まーた長く書いちゃったよ、私ぇ…。
戦闘シーンが難しいうえに、あまり描写できないのなんなんだろう。
そのくせして別描写がなーがいなーがい。
読みづらーい……。
何はともあれ、少しでも楽しんでいただけたら幸いです。
それではどうぞ。
ダルグナー、ヴァイツェン?…え、甘いぞこのビール!?
4.
「なあにも、殴ることないでしょ⁉」
〈あいつの勝手な行動を私が修正しなきゃ、誰がするんだってんだ!〉
千束が怒鳴りながら電話をかける。相手は一昨日の現場の指揮責任者、ファーストリコリスの春川フキだ。
たきなの怪我の訳を聞いた千束は、控えめに言っても大激怒だった。任務としては失敗だが、仲間の命を救ったその行動は称賛されるべきものであり、決して糾弾され、追い出されるような仕打ちを受けるものではないと。千束は勢いのまま電話をかけ、そのままフキとの激しい口論へと発展した。

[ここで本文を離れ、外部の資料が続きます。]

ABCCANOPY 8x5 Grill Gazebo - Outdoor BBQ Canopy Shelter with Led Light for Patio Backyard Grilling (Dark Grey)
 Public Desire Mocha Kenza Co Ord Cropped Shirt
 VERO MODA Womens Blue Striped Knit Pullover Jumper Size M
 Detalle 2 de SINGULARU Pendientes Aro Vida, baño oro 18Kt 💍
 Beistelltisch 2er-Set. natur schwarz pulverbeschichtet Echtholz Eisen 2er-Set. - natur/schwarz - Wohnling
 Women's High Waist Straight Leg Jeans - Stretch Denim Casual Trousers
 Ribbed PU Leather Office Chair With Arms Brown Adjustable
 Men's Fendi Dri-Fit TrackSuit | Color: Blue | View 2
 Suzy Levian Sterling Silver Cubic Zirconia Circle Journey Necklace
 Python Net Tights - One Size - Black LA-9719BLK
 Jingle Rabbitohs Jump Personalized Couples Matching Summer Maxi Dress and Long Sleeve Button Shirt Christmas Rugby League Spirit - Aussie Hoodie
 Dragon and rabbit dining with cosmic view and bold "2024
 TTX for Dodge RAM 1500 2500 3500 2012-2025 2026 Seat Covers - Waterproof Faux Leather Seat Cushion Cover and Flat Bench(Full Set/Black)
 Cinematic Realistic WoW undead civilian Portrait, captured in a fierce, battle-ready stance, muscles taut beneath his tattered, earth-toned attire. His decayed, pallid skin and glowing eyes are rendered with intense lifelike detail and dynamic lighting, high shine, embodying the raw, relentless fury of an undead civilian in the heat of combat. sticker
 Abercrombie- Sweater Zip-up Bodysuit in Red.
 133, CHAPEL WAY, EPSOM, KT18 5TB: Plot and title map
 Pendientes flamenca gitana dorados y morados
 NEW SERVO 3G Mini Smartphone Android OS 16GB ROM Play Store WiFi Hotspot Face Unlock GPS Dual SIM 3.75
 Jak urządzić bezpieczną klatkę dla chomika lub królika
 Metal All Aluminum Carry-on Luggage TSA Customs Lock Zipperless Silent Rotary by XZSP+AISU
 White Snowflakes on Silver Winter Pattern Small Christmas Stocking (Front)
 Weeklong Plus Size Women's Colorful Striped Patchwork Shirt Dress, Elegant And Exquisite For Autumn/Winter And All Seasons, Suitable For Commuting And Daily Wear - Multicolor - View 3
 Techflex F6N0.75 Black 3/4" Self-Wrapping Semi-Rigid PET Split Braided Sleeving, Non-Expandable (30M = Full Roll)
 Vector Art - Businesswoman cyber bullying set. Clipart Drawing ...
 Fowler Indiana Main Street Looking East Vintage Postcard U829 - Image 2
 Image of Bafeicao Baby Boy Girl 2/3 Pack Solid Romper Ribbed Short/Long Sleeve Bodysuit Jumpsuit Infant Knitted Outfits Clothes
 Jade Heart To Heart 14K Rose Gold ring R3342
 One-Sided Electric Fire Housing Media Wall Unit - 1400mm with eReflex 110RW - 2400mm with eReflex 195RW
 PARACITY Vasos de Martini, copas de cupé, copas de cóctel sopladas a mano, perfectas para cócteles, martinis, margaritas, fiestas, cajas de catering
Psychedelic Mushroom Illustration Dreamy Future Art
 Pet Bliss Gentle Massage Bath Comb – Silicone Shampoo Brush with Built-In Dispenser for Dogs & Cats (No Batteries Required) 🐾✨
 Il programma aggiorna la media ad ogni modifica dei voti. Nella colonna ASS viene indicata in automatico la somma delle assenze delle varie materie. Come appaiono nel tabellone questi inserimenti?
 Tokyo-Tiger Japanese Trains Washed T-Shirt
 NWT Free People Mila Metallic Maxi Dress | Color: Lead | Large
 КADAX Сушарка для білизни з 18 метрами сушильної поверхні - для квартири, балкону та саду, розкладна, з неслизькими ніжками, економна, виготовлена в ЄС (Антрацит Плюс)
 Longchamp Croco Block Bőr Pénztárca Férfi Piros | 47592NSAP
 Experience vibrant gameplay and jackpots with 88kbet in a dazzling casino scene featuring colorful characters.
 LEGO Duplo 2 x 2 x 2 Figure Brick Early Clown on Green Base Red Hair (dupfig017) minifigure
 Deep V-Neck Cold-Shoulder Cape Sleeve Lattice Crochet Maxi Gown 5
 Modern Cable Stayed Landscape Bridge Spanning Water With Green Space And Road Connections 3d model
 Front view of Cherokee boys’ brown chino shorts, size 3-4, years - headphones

1人が怒っていると周りの人間は冷静になるという。千束の怒声を遠く聞きながらトビアは現在、和装を解いてセーターを着こんだのち、カウンターに座ってコーヒーを待つたきなの隣に座る。横顔をうかがうと、彼女は事件のことを思い出したのか、少し沈んだ表情をしていた。
「千束のこと、想像と違ってた?」
「え…、あ、いえ、そんな…」
トビアが話しかけると、たきなは少し驚きながらもそう返した。
「もうすぐミカさんがコーヒー淹れてくれるから、待ってて。この店の自慢の一品なんだ」
「トビア、あまり持ち上げないでくれ。たきな、熱いから気をつけてな」
そう言って、ミカがコーヒーを渡す。
じっと、カップの水面を見つめるたきな。
「…たきなさん、君は、後悔してる?」
トビアが視線を合わせずに聞く。
「……わからないんです」
たきなからぽつりと、言葉が紡がれる。
「私は、あの子を助けようと、自分のできることをしたつもりでした。独断でしたし、作戦から逸脱した行為ということも分かっていたつもりです」
でも、
「……結局、あの子に怖い思いをさせて、ちゃんと謝れないまま、碌な準備もできずに本部から出ることになりました…。褒めてほしかったわけじゃないのに、気分が落ち込むんです。だから、よくわからないんです…」
また、カップに視線を落とすたきな。
「そっか…。じゃあ、…今はしょうがないね」
「…え?」
「だって、今のところよく分からないんでしょ?自分のことなのに」
トビアは、たきなに顔を向けて、諭すように話す。
「結局は、自分で納得できる答えを出さなきゃいけないんだ。どんなに時間をかけてもね」
「………」
「せっかく時間ができたんだから、ゆっくり考えなきゃ。まずは、そのコーヒーをどうぞ」
「……はい」
「…難しく考えることはないよ、たきなさん。コーヒーは、コーヒーだからさ」
「…はいっ」
少し、元気が出てくれたようでよかった。
クリームと砂糖を入れて、一口。“おいしい”と小さくつぶやくたきなを見て、トビアは安堵のため息をつく。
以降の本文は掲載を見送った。